2.1 has a totally new GC setup (generational GC). It is guaranteed to use more
memory (expect 3~5%), but be MUCH MUCH MUCH faster. Typically you can trade
off running one less Puma worker to decrease memory usage, and the increase in
speed may make up for it. Alternatively you can bump up to 2x dynos, and cut
the number of dynos you have in half. If you haven't tried 2.1.3 or above do
yourself a favor and revisit.
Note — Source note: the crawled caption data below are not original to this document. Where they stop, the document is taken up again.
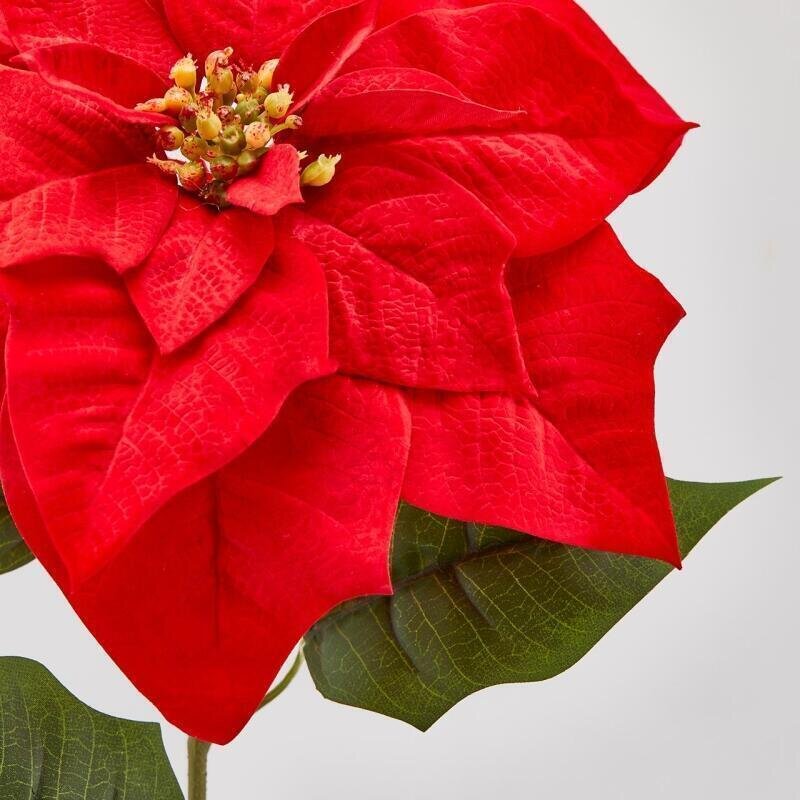 EDG Enzo De Gasperi Ramo Stella di Natale Bell Red H71 cm – Decorazione Natalizia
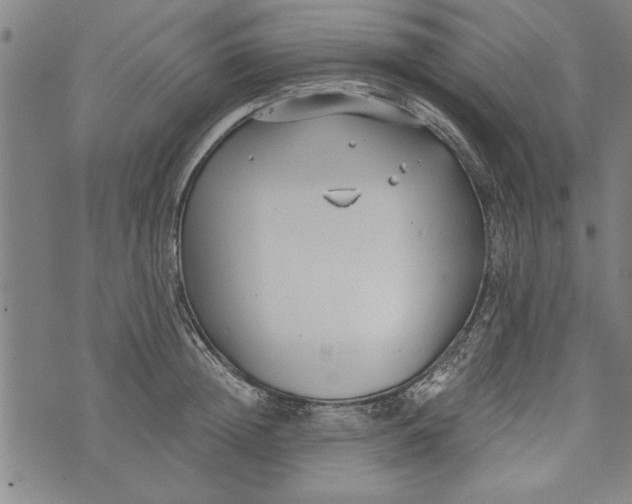 X0000073720852200608241230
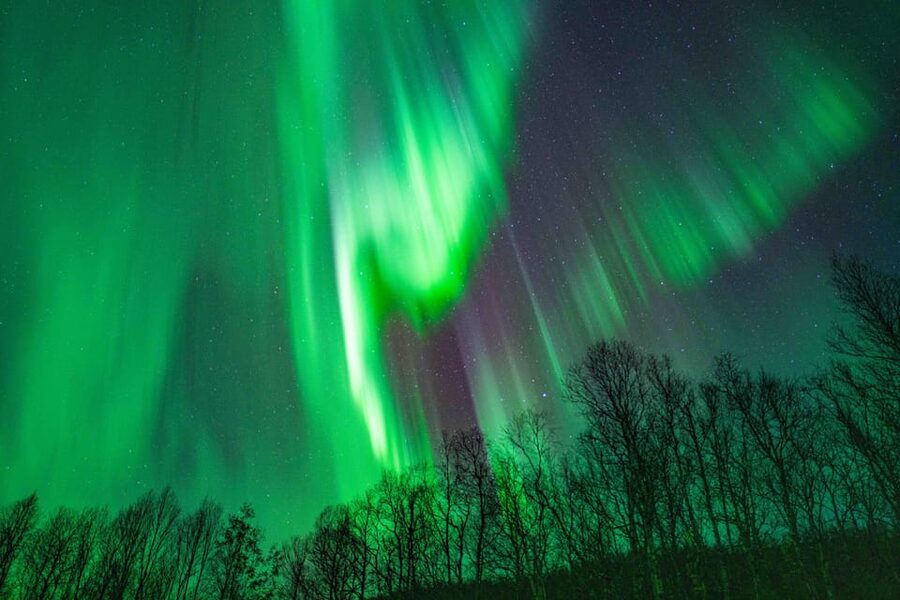 Tromsø: Aurora Tour with Photos, Campfire and Arctic Food - Photo help that gets you better shots, not just more photos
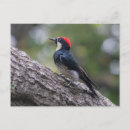 Buscar carpintero postales Ave silvestre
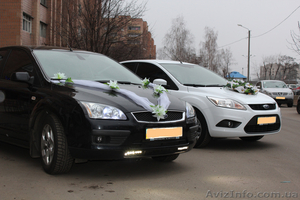 Авто на свадьбу Форд Фокус (черный и белый) - <ro>Изображение</ro><ru>Изображение</ru> #3, <ru>Объявление</ru> #863974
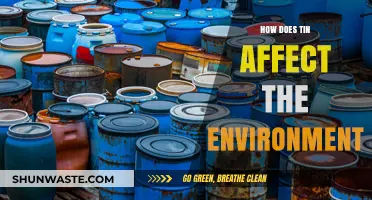 Tin's Environmental Impact: Effects on Ecosystems, Wildlife, and Sustainability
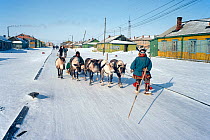 A Nenets herder leads his reindeer sled along the main street in the village of Yar-Sale. Yamal. Siberia. 1993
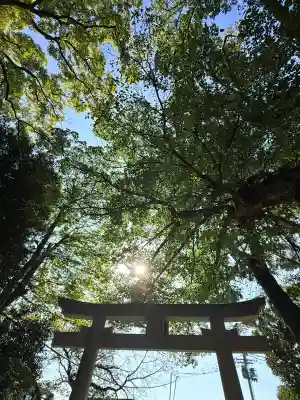 弓弦羽神社(兵庫県)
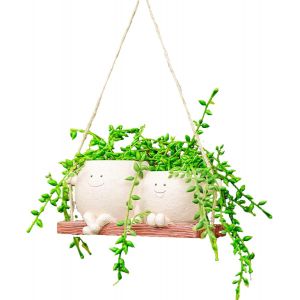 TEPPE-Petit pot de fleurs, à suspendre, avec visage balançoire, pour plantes succulentes, avec trous de drainage, mini pots de fleurs en résine, pots à suspendre pour plantes - Neuf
The 2.1.3 patch means memory grows much more
slowly.

Also if you didn't see my post on memory profiling:
[http://www.schneems.com/2014/11/07/i-ram-what-i-
ram.html](http://www.schneems.com/2014/11/07/i-ram-what-i-ram.html) (It got
over 40 upvotes on reddit, and like 3 on HN, again...HN what is going on? I've
had much less substantial posts make it front page). That post shows you how
to remove ~30% starting RAM (by bumping mail version to 2.6.3+) and shows you
can profile and remove libraries that are using a ton of memory in your app.

You can also use something like puma_worker_killer (or unicorn_worker_killer)
to tame your memory growth if it only balloons over 512mb after a while, but
ultimately those two solutions are bandaids.

Ruby 2.0 isn't going to be supported forever and the generational GC is
definitely here to stay. Maybe try the 2.2.0 preview (it's on Heroku), it has
3 generations (total) which means much less retained memory and you still get
speed performance improvements.

I see most of the bigger production apps using 2.1+ fwiw.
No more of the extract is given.